If someone breaches your network from any of the hundreds or thousands of nodes (or wireless devices) scattered across your enterprise, it may cost you your job. But when you secure your network, taking into account a few acceptable risks, then the bulk of your security issues become manageable

Accountability to the Business

I offer one more reason why CIOs should at least be conversant with their network operations. Business users as well as IT folks often blame the network for poor application performance. A good knowledge of the network layer helps in communicating with users intelligently about the true cause of service interruption or poor application performance.

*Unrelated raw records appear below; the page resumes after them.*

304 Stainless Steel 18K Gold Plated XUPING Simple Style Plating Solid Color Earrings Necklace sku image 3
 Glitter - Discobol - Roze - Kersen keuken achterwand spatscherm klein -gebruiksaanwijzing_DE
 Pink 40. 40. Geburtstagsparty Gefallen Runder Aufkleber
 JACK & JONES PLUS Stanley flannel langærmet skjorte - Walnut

I always have real-time statistics to prove that performance degradation is a result of many factors, ranging from user errors (too many applications open on desktop) to a poorly designed or written query in the application or even problems in database configuration or maintenance (such as re-indexing). It’s too easy to blame the network, and CIOs who have a network blind spot will not be able to pinpoint, explain and solve the real problems.

Like you, I have enormous responsibility to lead IT and help drive business strategy for my enterprise. But I know that in the gaming business, with its aggressive growth, cost consciousness and security threats, the network has got to be on my agenda.

Moti Vyas is CIO of Viejas Enterprises in Alpine, Calif., and a member of the CIO Executive Council.